## Task goal
In the entries below, begin at the line that has "Tomato And Cheese Pizza On An Aluminum Plate", stop after the line that has "A couple shares", and output those lines exactly with no pictures.

## Given records
☆ ☆ ☆ ☆

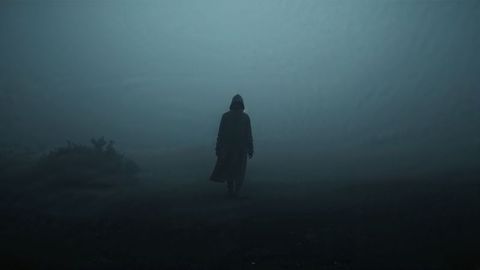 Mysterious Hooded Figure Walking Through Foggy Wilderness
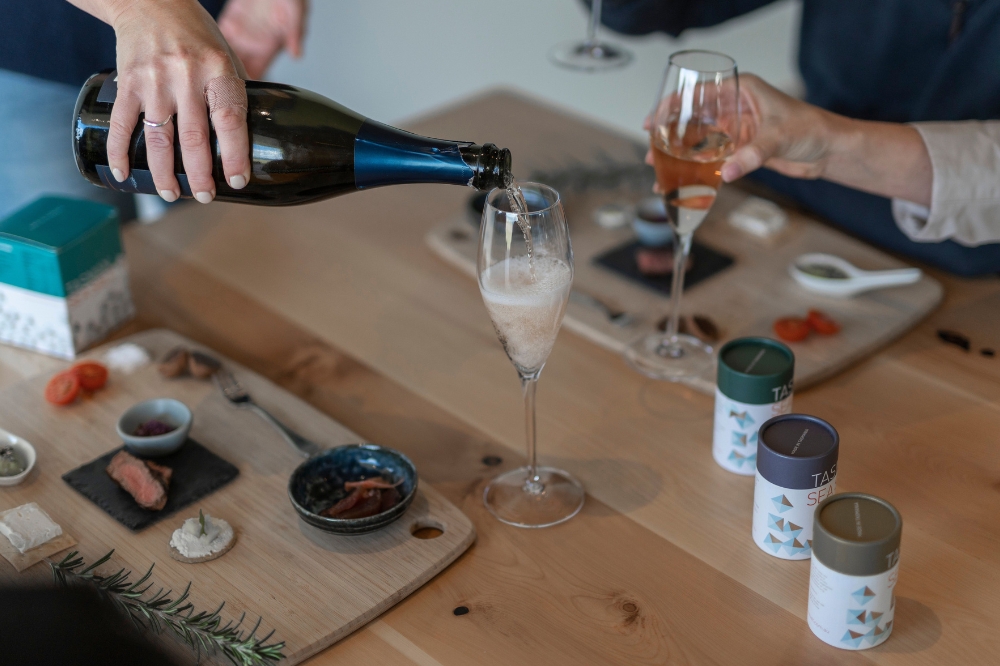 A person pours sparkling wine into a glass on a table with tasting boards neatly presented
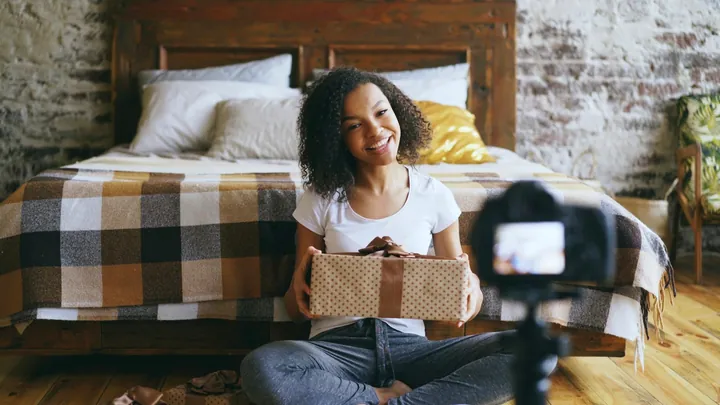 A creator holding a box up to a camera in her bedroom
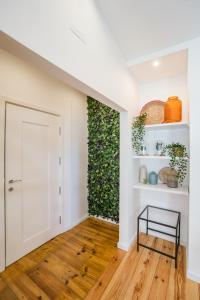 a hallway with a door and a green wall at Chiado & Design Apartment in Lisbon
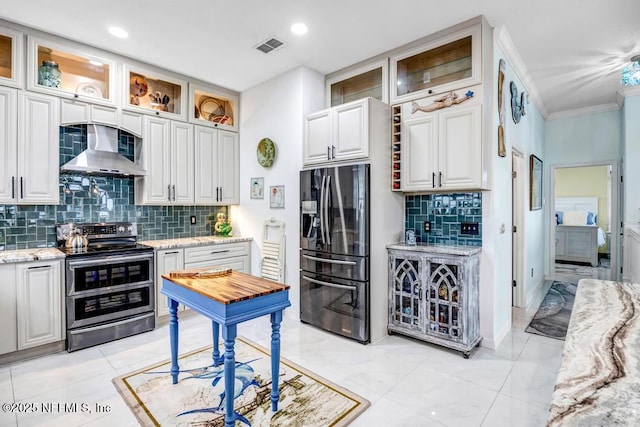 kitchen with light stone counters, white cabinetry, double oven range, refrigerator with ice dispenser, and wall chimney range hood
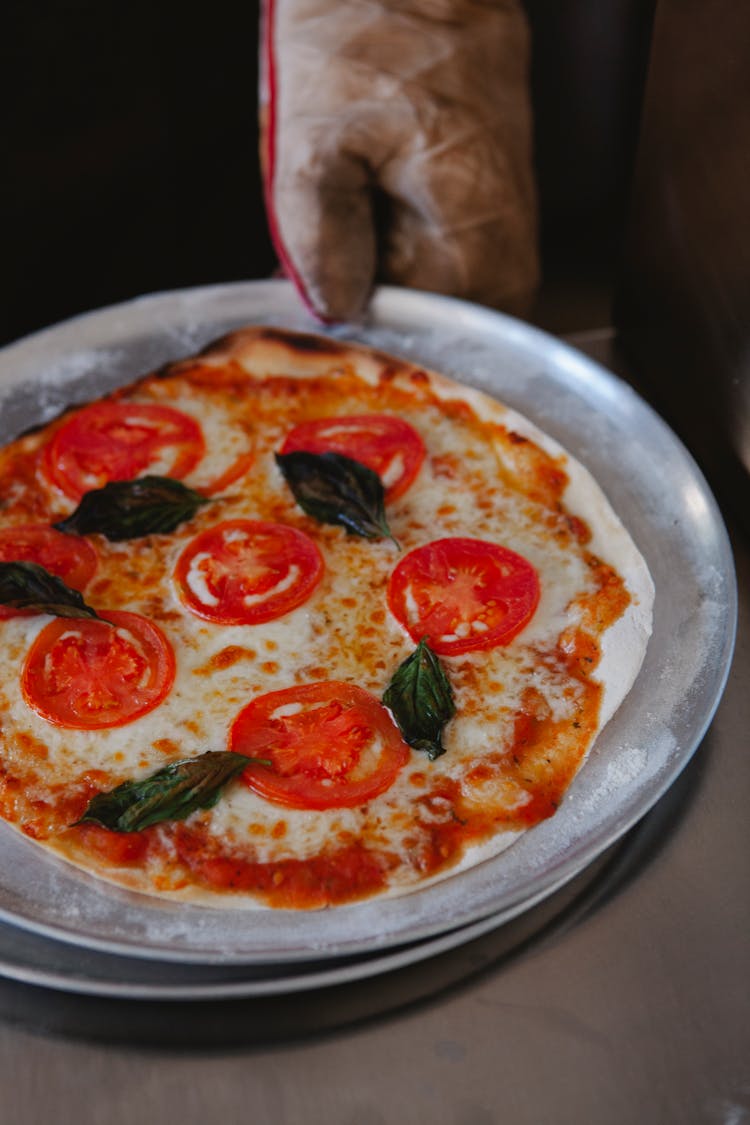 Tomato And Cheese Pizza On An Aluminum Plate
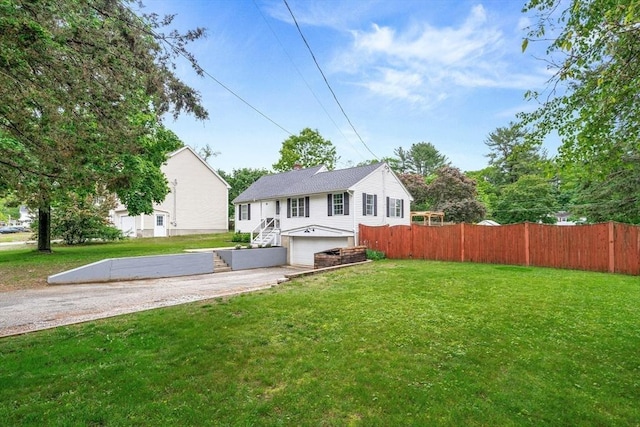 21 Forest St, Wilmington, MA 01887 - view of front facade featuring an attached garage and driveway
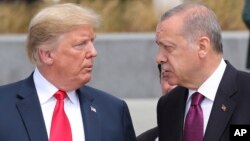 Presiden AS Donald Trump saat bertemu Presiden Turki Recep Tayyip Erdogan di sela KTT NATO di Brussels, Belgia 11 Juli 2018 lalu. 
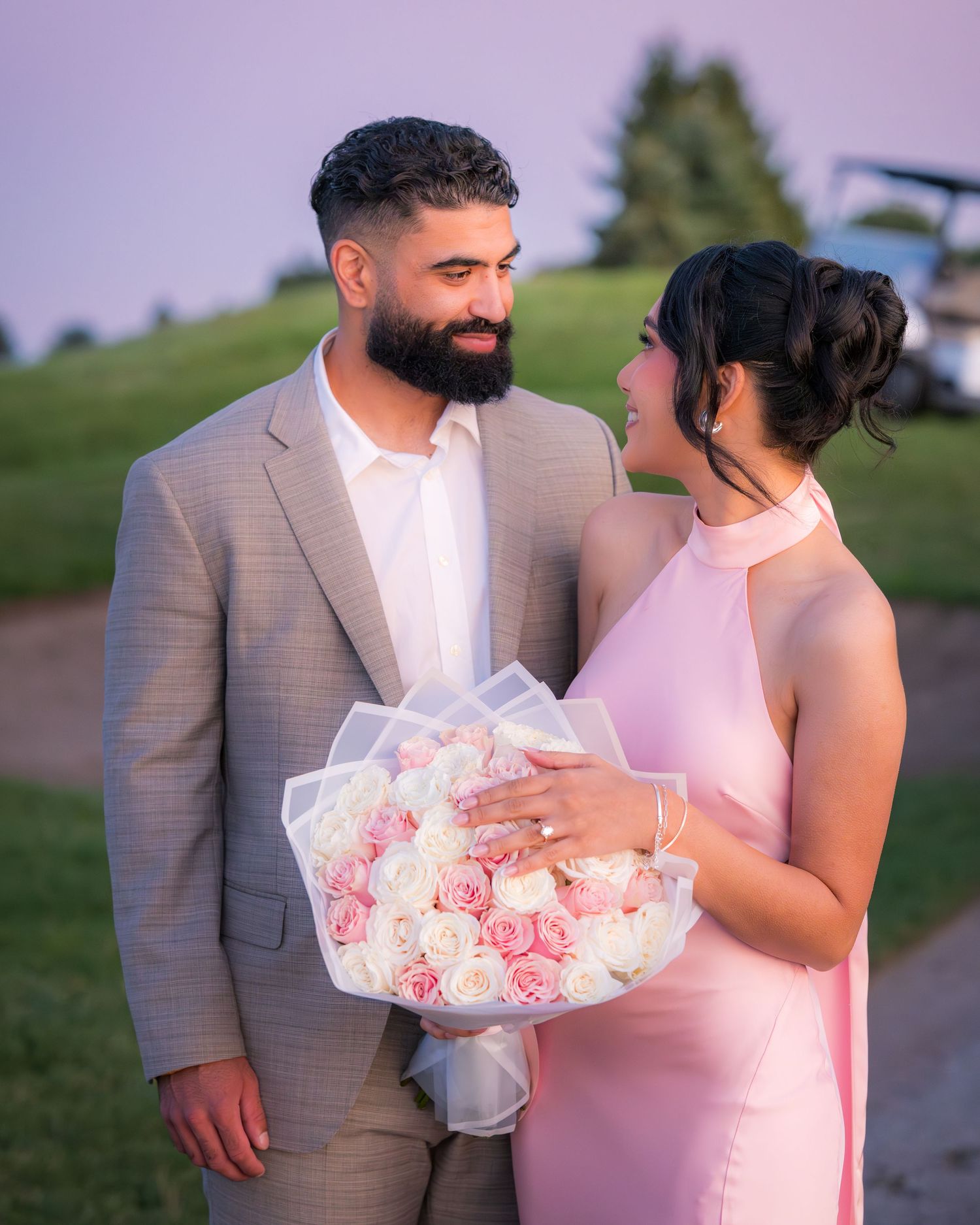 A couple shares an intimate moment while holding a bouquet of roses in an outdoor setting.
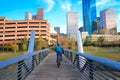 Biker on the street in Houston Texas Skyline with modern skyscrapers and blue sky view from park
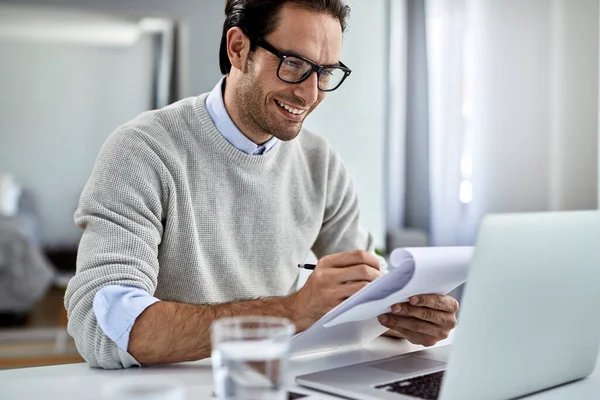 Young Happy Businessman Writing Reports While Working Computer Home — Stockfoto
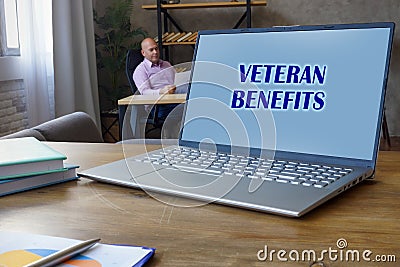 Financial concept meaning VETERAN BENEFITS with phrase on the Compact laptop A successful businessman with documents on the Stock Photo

☆ ☆ ☆ ☆

## Answer to this exercise
 Tomato And Cheese Pizza On An Aluminum Plate
 21 Forest St, Wilmington, MA 01887 - view of front facade featuring an attached garage and driveway
 Presiden AS Donald Trump saat bertemu Presiden Turki Recep Tayyip Erdogan di sela KTT NATO di Brussels, Belgia 11 Juli 2018 lalu. 
 A couple shares an intimate moment while holding a bouquet of roses in an outdoor setting.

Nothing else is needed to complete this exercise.